The importance of data for AI

Artificial intelligence is popping up all around us everywhere we look, both in areas that border on science fiction (self-driving vehicles) to the more mundane (what show should I watch on Netflix?). While AI is a fairly broad area of study in computer science, most of the excitement these days is centered on an area of AI called machine learning and in particular a technique called deep learning. Machine learning aims to let algorithms learn and predict answers to problems by analysing data to make predictions on their own.

Machine learning is already powering software you are using everyday. Services like Google and Facebook photos, voice assistants like Siri, Alexa and Google Home, recommendation systems from Amazon and Netflix just to name a few. You can expect to see more and more applications leveraging this powerful technology.

Think of an AI application as a three legged stool.

The first leg of the stool is the AI algorithm itself. Open source machine learning libraries like TensorFlow and Theano have removed a lot of the low level complexity involved in designing and building AI applications. These tools are free, well documented and supported by vibrant communities. The availability of these tools has made building machine learning applications far more accessible to developers.

The second leg of the stool is computing horsepower, both in the form of raw CPU power and large scale data storage solutions. Cloud services like Amazon Web Services, Google Cloud, Microsoft Azure and others make renting servers, virtual machines and big data tools as simple as pushing a few buttons (provided you get your credit card out first!).
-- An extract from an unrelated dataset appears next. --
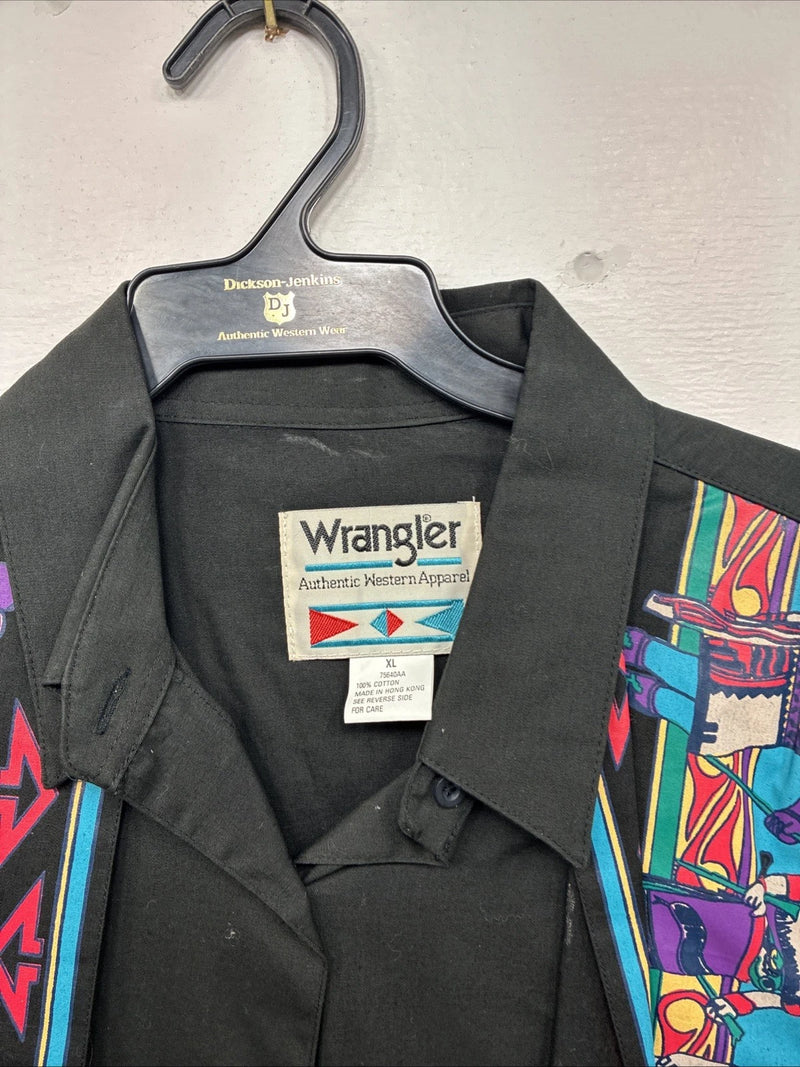New Women’s Wrangler Black Deigned Long Sleeve Button Up XL II-47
The last leg of the stool is data. Before you can consider hiring data scientists, renting servers and installing open source machine learning libraries, you must have data. The quality and depth of data will determine the level of AI applications you can achieve.

Preparing your data for AI

While your organisation may not be at the stage where you are ready to start building AI applications, at a minimum you should be planning on a future where your data will be used to power smart solutions. Treat every new initiative or project as an opportunity to build a foundation for future data models.
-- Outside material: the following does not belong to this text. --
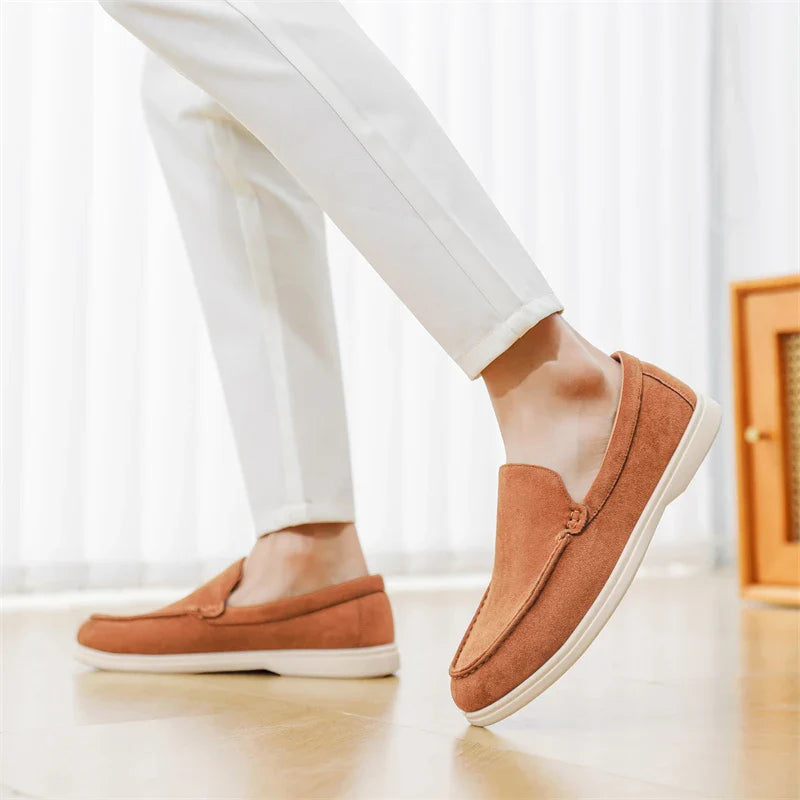 Igapäevased suède Loafers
To generate and collect well designed data, start with focusing questions.

Does your organisation have a cohesive data collection policy?

This question has become critical in light of the GDPR legislation. Are there clear and followed guidelines about what and why data is collected when a new feature or product is being developed? Does that data have a purpose or is it being collected just because?

Is your data being collected and stored in a common format?

When you are collecting data, is it being saved in a usable format across all your data collection touchpoints? Are the field names the same? Is the same level of validation and error checking applied across products?

Is your data being stored in a central location?

Data needs to be flowing into data stores and be available in real time to all areas of the business. Given that AI applications generally become better the more they can correlate different sources of information, siloed data sets that are hard to access become an impediment to finding value in an organisation’s data.

In the not-too-distant future, what we are now calling AI will be embedded in our culture and we won’t call it AI any longer. It will just be how things work. What you have in your control today is your data. It’s crucial that you start preparing for a future where AI applications can start using your data and that starts with the quantity and quality of the data itself.